If you are only going to read only one thing about customer experience, then this report is it. It’s the blueprint for building a customer-centric organization… and it’s free.

We just published a Temkin Group report, The Four CX Core Competencies. This blueprint to building a customer-centric organization is an update to our groundbreaking research that was originally published in 2010 and updated in 2013.

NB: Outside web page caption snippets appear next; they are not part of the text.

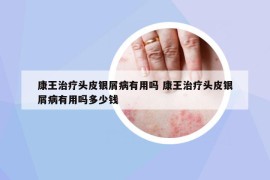 康王治疗头皮银屑病有用吗 康王治疗头皮银屑病有用吗多少钱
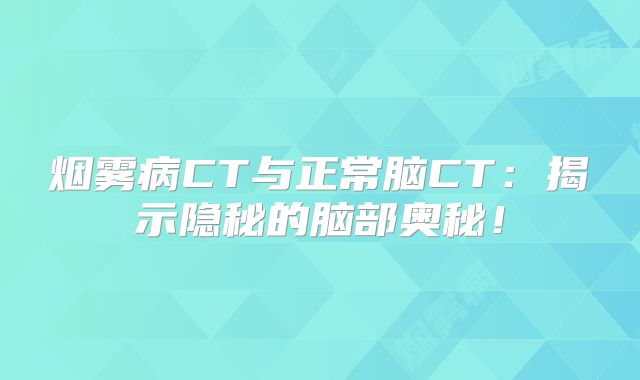 烟雾病CT与正常脑CT：揭示隐秘的脑部奥秘！
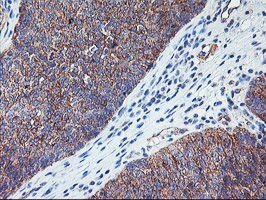 RTN4IP1 / NIMP Antibody - IHC of paraffin-embedded Carcinoma of Human bladder tissue using anti-RTN4IP1 mouse monoclonal antibody. (Heat-induced epitope retrieval by 10mM citric buffer, pH6.0, 100C for 10min).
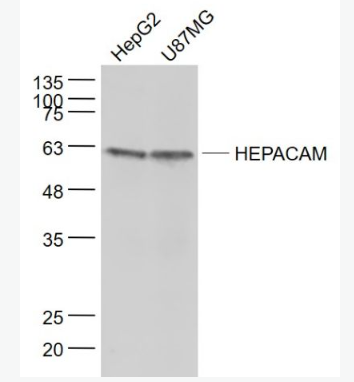 Anti-HEPACAM antibody-肝细胞粘附分子抗体,HEPACAM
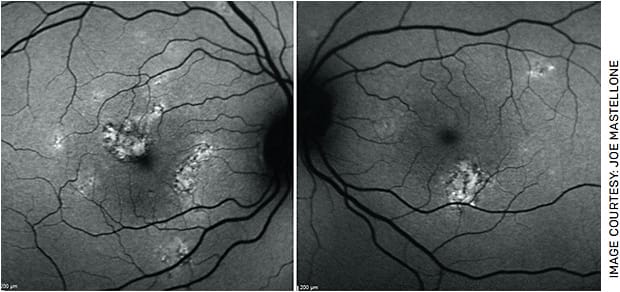 FIGURE 3. Fundus autofluorescence photos OU show patchy areas of hyper-autofluorescence in the fovea OD (left image) and inferior to the fovea OS (right image).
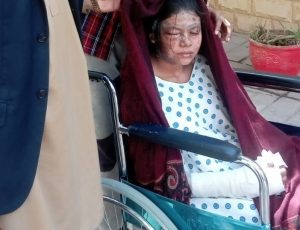 Christian girl attacked with acid after refusing conversion to Islam and marriage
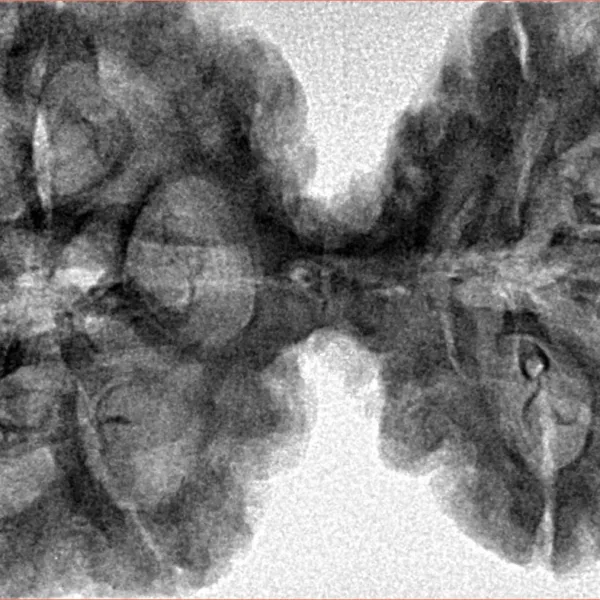 9 MK Gaurishankar 45.6mm 9.62gm - Inverse xray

Temkin Group has conducted multiple large-scale studies demonstrating that customer experience (CX) is highly correlated with loyalty across many different industries, in both business-to-consumer and business-to-business environments. When customers have a good experience with a company, they are more likely to repurchase from the company, try its new offerings, and recommend it to others.

While many companies try to improve their CX by making superficial changes, Temkin Group has found that the only path to lasting differentiation and increased loyalty is to build a customer-centric culture. Temkin Group has studied hundreds of companies to uncover the difference between CX leaders and their less successful peers, and has identified four CX competencies that companies must master if they wish to build and sustain CX differentiation:

  1. Purposeful Leadership: Operate consistently with a clear set of values. (see video)
  2. Compelling Brand Values: Deliver on your brand promises to customers. (see video)
  3. Employee Engagement: Align employees with the goals of the organization. (see video)
  4. Customer Connectedness: Infuse customer insight across the organization. (see video)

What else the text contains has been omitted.